Las tareas de elaboración de este plan cuentan con un plazo de ejecución de 14 meses, y se han adjudicado por 181.229,35 euros (IVA no incluido) a la empresa Ineco, según ha explicado la APV en un comunicado.
En concreto, se está trabajando para identificar los riesgos críticos de cada puerto; establecer medidas de adaptación concretas, priorizando las áreas clave como muelles, diques, terminales, accesos y operativa de las terminales; y hacerlo siempre bajo una labor de seguimiento y mejora continua.
Este trabajo se enmarca en el Plan Net Zero Emissions, con el que se quiere llegar a 2035 habiendo alcanzado la neutralidad de carbono en las instalaciones de Valenciaport.
El objetivo es crear puertos "eco-proactivos, y actualizar los riesgos que pueda haber frente a oleaje, lluvias intensas, olas de calor o variación del nivel del mar". Así, Valenciaport ya ha empezado a trabajar en la línea de los establecido por Puertos del Estado en su Marco Estratégico del Sistema Portuario de Interés General, según el cual en 2030 todos los puertos de titularidad estatal deberán contar con esta adaptación.
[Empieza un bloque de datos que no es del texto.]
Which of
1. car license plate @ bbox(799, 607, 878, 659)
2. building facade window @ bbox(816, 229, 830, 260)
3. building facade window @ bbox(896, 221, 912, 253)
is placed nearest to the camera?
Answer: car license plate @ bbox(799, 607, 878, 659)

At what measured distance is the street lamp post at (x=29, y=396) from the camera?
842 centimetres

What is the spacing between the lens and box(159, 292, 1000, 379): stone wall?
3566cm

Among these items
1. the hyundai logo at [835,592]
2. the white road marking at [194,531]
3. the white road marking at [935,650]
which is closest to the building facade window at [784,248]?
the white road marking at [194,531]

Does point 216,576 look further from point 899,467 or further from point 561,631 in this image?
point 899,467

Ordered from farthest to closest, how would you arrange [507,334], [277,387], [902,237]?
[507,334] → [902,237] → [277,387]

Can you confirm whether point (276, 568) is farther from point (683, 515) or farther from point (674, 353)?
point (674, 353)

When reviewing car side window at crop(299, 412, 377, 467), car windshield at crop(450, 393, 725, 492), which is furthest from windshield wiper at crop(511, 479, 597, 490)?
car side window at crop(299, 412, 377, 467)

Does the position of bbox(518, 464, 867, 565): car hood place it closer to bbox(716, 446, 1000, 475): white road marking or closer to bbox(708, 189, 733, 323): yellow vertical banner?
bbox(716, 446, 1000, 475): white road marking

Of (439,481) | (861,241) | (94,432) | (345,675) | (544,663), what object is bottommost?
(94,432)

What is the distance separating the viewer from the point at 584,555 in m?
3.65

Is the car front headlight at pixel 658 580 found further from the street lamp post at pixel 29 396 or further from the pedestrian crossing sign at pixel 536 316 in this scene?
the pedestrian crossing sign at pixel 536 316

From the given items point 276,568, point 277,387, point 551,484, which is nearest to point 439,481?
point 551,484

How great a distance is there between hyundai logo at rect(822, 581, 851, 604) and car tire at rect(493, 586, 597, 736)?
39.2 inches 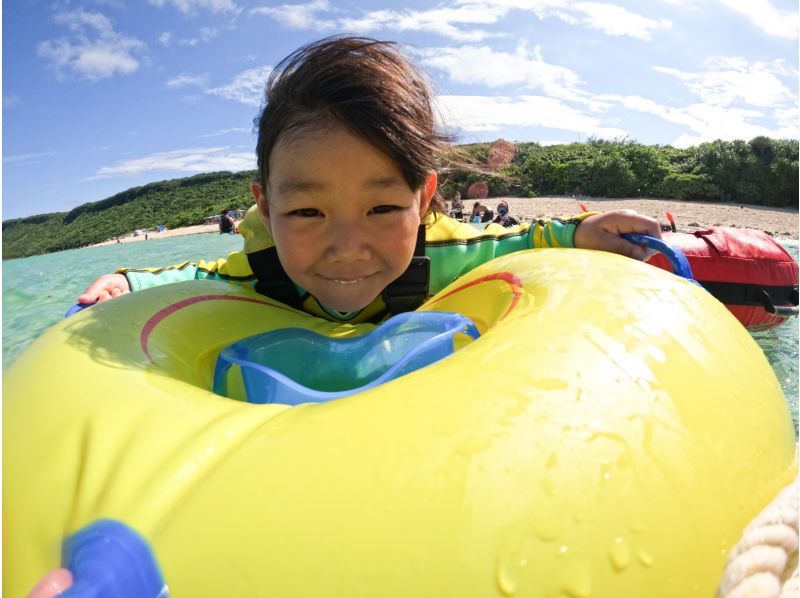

El plan partirá de un análisis de la vulnerabilidad de los tres puertos, una evaluación del riesgo ante fenómenos meteorológicos extremos y una propuesta de medidas a adoptar para hacer frente a este tipo de situaciones. Estas medidas deberán reflejar todos los impactos posibles de episodios climáticos extremos y la capacidad de resistencia de las infraestructuras y servicios prestados en dichos enclaves.
Asimismo, deberán priorizar aquellas infraestructuras y servicios con mayor vulnerabilidad, y tendrán como base mínima las medidas de adaptación genéricas recogidas en las estrategias de adaptación elaboradas por la APV.
Las soluciones prioritarias propuestas deberán incluir un análisis de coste-beneficio que servirá para evaluar la viabilidad económica de las medidas de adaptación propuestas.